Wednesday, August 24, 2011

toki pona and ISO 639

It looks like toki pona is going to have another chance to get an ISO 639, which, I admittedly don't quite understand myself.

The topic is on the toki pona forums.

With the relovent message coming from the original poster.

In 2007 an application to the ISO 639 Registration Authority to give a language code to Toki Pona was rejected, for the following reasons:
Registration Authority decision on Change Request no. 2007-011: reject requested creation of new identifier for Toki Pona

In consultation with Anthony Aristar of LinguistList, the ISO 639-3 Registration Authority has determined that the request for this new code element is premature. The propagation of a new constructed language is often a short-lived interest of limited scope; few constructed languages have lasting impact in the world community of languages to become more than mere novelties. Toki Pona seems to fit the novelty category, as an intentionally “minimalist” language. During 2007 there was some media interest in Toki Pona, in which its novel aspects were highlighted. If Toki Pona survives the next few years and continues to develop, both in applications and in user base, then the RA will be open to consider a new request for assignment of a code element for Toki Pona.
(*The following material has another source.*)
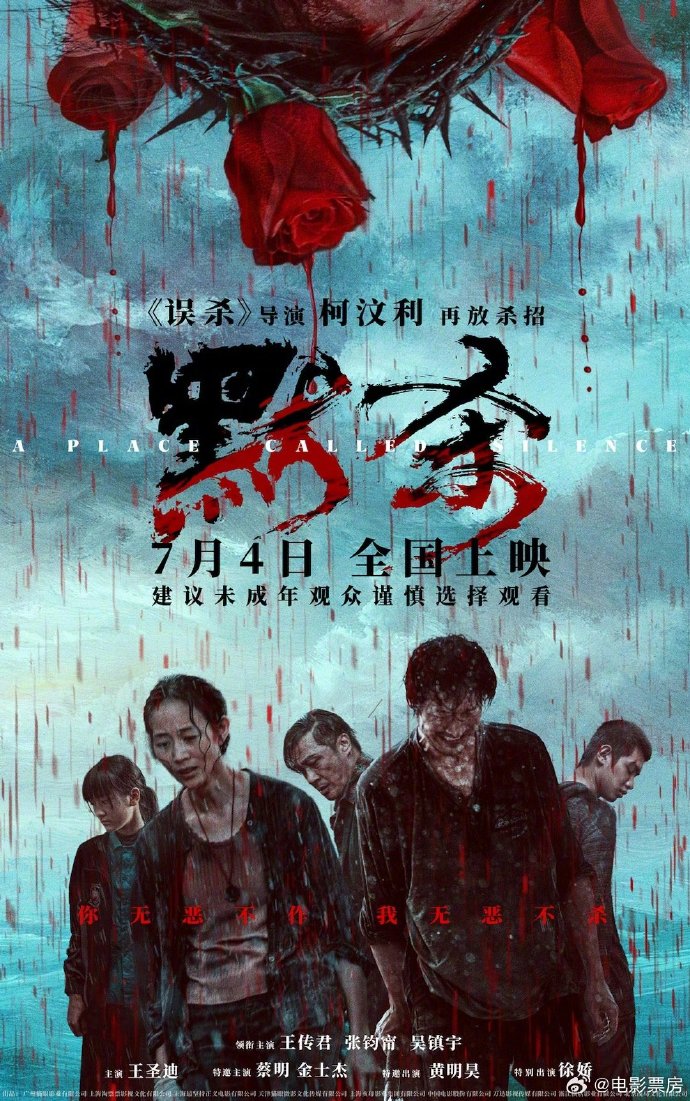 《误杀》新作《默杀》定档，7月4日全国上映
It has got back on the table. I'm an advisor to the 639 committee and I recently successfully got a code for Neo. I am supporting a code for Toki Pona.

So, it seems like it probably has a good shot considering that it's been a few years, and toki pona is still alive and all. But, what is ISO 639?
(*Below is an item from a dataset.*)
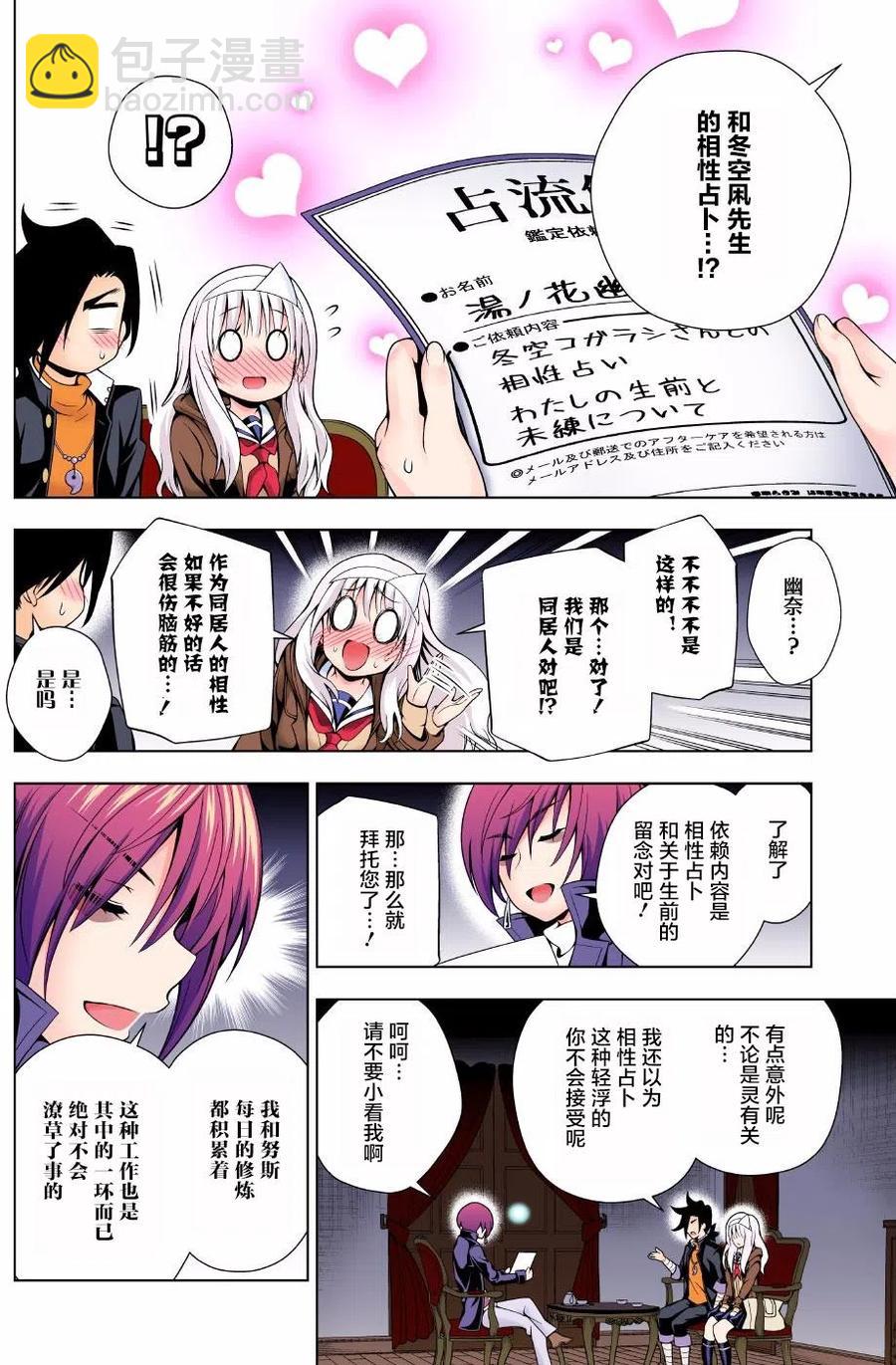 《摇曳庄的幽奈小姐》第53回 第6页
Well, according to Wikipedia:

Use of ISO 639 codes

The language codes defined in the several sections of ISO 639 are used for bibliographic purposes and, in computing and internet environments, as a key element of locale data. The codes also find use in various applications, such as Wikipedia URLs for its different language editions.

Delimiting languages

A multilingual page is contained by the CSS class "multilingual", with text in every language contained within the class "lang-xx", where xx is a lowercase ISO 639 two-letter or three-letter language code and the lang attribute. The lang attribute is contextually more correct, but the CSS required to hook into it is not supported by all browsers. If there is no two-letter code, the lowercase three-letter code is used. For text in an unknown language "und", (undetermined) is used.

So, I take that as meaning it would be a bit more official and be able to be used in code more easily, which are all good things to me. I'm excited to see if it gets accepted this time, and wonder if it will bring a short burst of more active fans.